Secondly, let’s remember who we are as joint heirs of the goodness and the glory of God’s Beloved Son. Don’t let the world, the flesh nor the devil define us, because they’ll always sell us short. If such a divine assessment of us is too hard to believe, I get it. I hear the voice within that says, “But what about the things that I have done, or failed to do, that fill me with shame or regret? How could God call me his beloved child after the ways I have failed, and the things I have done? Or the things I have wanted to do, and the ways in which I am constantly tempted?”

To which I hear the voice from the mountaintop, and the voice that spoke at Jesus’ baptism, saying, “YOU are my beloved son or daughter. In YOU am I well pleased. I made you, I love you, I know what potential I put in you, and to me you will always look like Jesus.”

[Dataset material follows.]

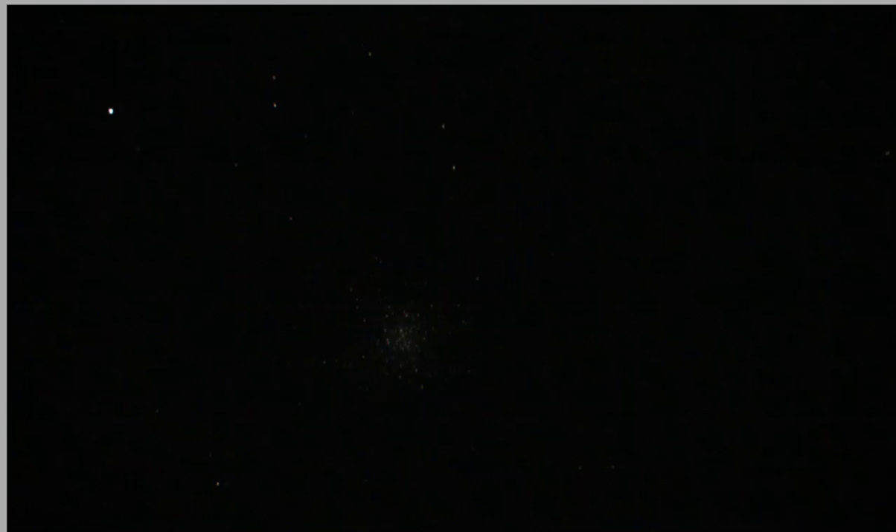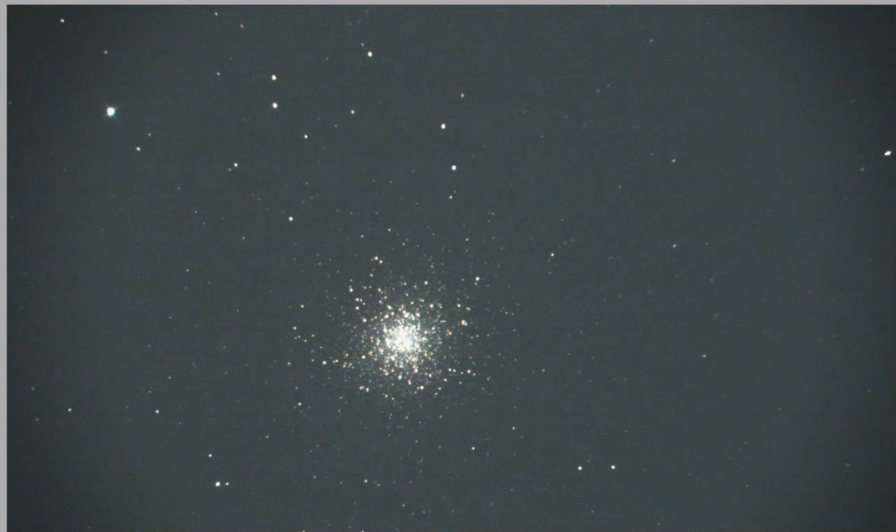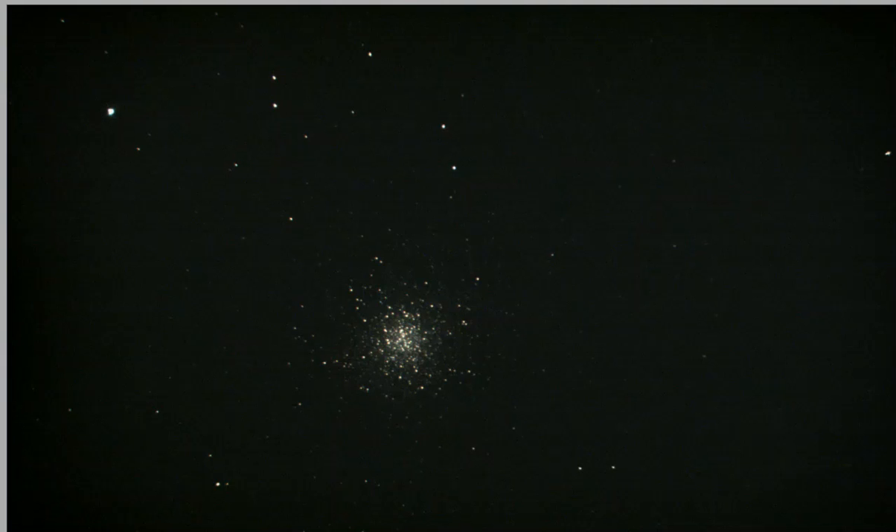Now uncovered, and that is the single 10-second exposure with gain set to max. I'm going to reduce the exposure now to a second and a half.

The same with any of us whenever we come to God so sure of ourselves and so proud of our practice and our piety, expecting heaven to tally up our just rewards. To which I think I hear that heavenly voice, sighing and saying, “Just what part of the word ‘YOU’ don’t you understand when I say, ‘YOU are my beloved child, in YOU am I well pleased?’ No mention there of anything we have done, or failed to do, or wanted to do. Just as we must never forget who Christ is to us, never let us forget who we are to him.

As for our works and our ways, compared to the infinite holiness and the glowing white hot glory of Christ, the differences between saints and sinners are picayune to the point of pointlessness. “Every saint has a past and every sinner a future.”

For a moment here I’ll step into the shoes of my spiritual director and say, “So when we pray this week, don’t just start out with your requests to God. Sit a spell, listen for and repeat God’s Word to you: hear him say to you, “My Beloved Son, or Daughter, in whom I am well pleased.”

Thirdly, let’s keep looking at others with that same vision, to see them the way God does; as “God’s beloved child,” whether they believe that about themselves or not. Jesus came to stand in their place too, and to share his honor and glory with even his enemies and assassins, just as much as with his friends. So, whenever someone rubs us the wrong way, or someone clashes head on with our personality, or our politics, or our theology, even if they do so in the most personal, destructive and divisive ways, can we at least commit ourselves to saying, “I will not see you the way you seem to be seeing me; I choose first to see you the way God sees both of us, as his Beloved son or daughter, and will treat you that way, whether you treat me that way or not, whether I agree with what you say or do, or not. Whenever I start fixating on you and wish you ill, I shall visualize you on the mountaintop, glowing with the glory for which you were created, and shall name you, as does God himself, ‘God’s Beloved Child.’”

I’ll close with what C.S. Lewis wrote in an essay, The Weight of Glory, “There are no ordinary people. You have never talked to a mere mortal. Nations, cultures, arts, civilizations – these are mortal, and their life is to ours as the life of a gnat. But it is immortals whom we joke with, work with, marry, snub and exploit – immortal horrors or everlasting splendors.”

Such everlasting splendor we have seen already, upon a Galilean mountaintop. That splendor, of the only-begotten Son of the Father, is ours as well, and forever. That’s why we won’t need nametags in heaven.